ELECTORAL MATTERS COMMITTEE

31 July 2024
Inquiry into the Conduct of the 2022 Victorian State Election
Tim Read  (GRN)

 


Tim READ (Brunswick) (11:09): I too will be speaking about the Electoral Matters Committee report into the 2022 state election and specifically its recommendation that the government get rid of our group voting ticket system, which is used in electing our upper house. Victoria is the only place in Australia where if you vote above the line, as 90 per cent of people do, you cannot direct your own preferences. Instead the party you vote for does this using a system known as group voting tickets, meaning parties can make backroom deals and decide who gets your second and third preferences and so on.

You may not have even heard of some of these parties, and you might not like their policies. In 2018 people voting for the Animal Justice Party in some parts of Victoria had their preferences elect gun-loving libertarians. This system allows parties to deal with each other to swap preferences, and they do. Because few voters buck the trend and vote below the line, a band of small parties can trade preferences until one gets elected off a tiny primary vote. So people form all kinds of single-issue parties, some with very few members, just to join in this scheme. This adds to the long list of parties and candidates making the ballot paper the size of a small tablecloth.

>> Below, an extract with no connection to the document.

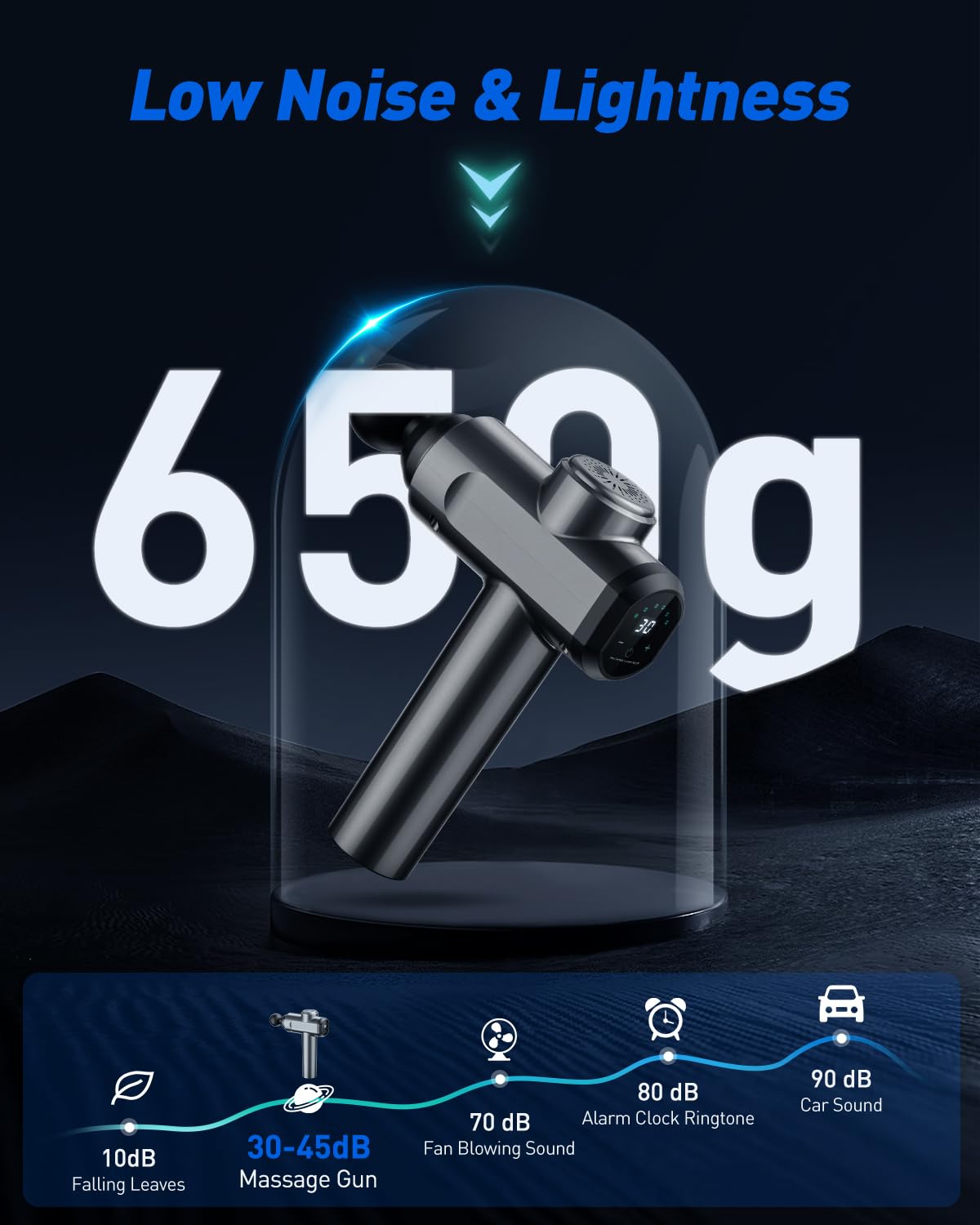 Pistola Massaggio Muscolare Professionale, 30 Velocità 3300rpm Massaggiatore con 6 Testine, 12mm Penetrazione, 45dB Silenzioso, Batteria 4-6h, LCD Touch – per Sportivi, Fitness, Anticellulite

One notorious backroom dealer, Glenn Druery, has made a career of signing micro-parties up for preference deals in return for cash. About $55,000 will get you a seat in Victoria’s upper house with this scheme. The 2018 election for the Victorian upper house was labelled a farce by many experts. Eight of the 40 MPs were elected over other candidates who had much larger votes, often 10 times or more larger. The Transport Matters MP, a taxi advocate, was elected with just 2500 votes, or 0.6 per cent of the vote, while the 35,000 people who voted for the Greens candidate, 14 times as many votes, were left unrepresented. The Transport Matters MP was more accountable to the preference whisperer Druery than to the voters in his region, very few of whom had ever heard of him or knew what he stood for. Most of the people whose preferences elected him were voting for another party in Druery’s team, and they had never heard of Transport Matters.

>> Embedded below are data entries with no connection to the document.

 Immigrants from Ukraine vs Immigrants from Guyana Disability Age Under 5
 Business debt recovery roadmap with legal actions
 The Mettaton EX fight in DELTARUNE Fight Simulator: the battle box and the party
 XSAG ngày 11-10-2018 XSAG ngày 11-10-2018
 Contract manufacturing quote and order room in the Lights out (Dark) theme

Other states and the Commonwealth have scrapped group voting. The last to get rid of it was Western Australia, after it had the astonishing result in 2021 of electing a candidate from the little-known Daylight Savings Party with just 98 votes, or 0.2 per cent, from a region ironically with the highest level of opposition to daylight savings in the state. Druery’s manipulation of the group voting system meant that it just did not matter that only one in 500 voters voted for the guy. It does not matter what you stand for; if you pay your money, you can get elected. Popular support is not an issue. So WA got rid of it.

But after the Victorian farce in 2018, the Victorian Labor government pretended to care but kicked the can down the road. Maybe they preferred a non-representative upper house. In their 2019 inquiry into that election the then Electoral Matters Committee chair, a Labor government MP, told witnesses at public hearings not to talk about upper house voting, because that evidence would be taken at a later date. But that later date never came, despite regular reminders from the Greens. To their credit this Electoral Matters Committee in this term of Parliament has finally recommended an end to this corrupt system. They further recommend adopting the same system used to elect the federal Senate and to ‘allow voters to indicate multiple preferences for parties above the line’. Every other state and the Commonwealth have done it. There is now no excuse for Victorian Labor not to do it. Get rid of this corrupt system.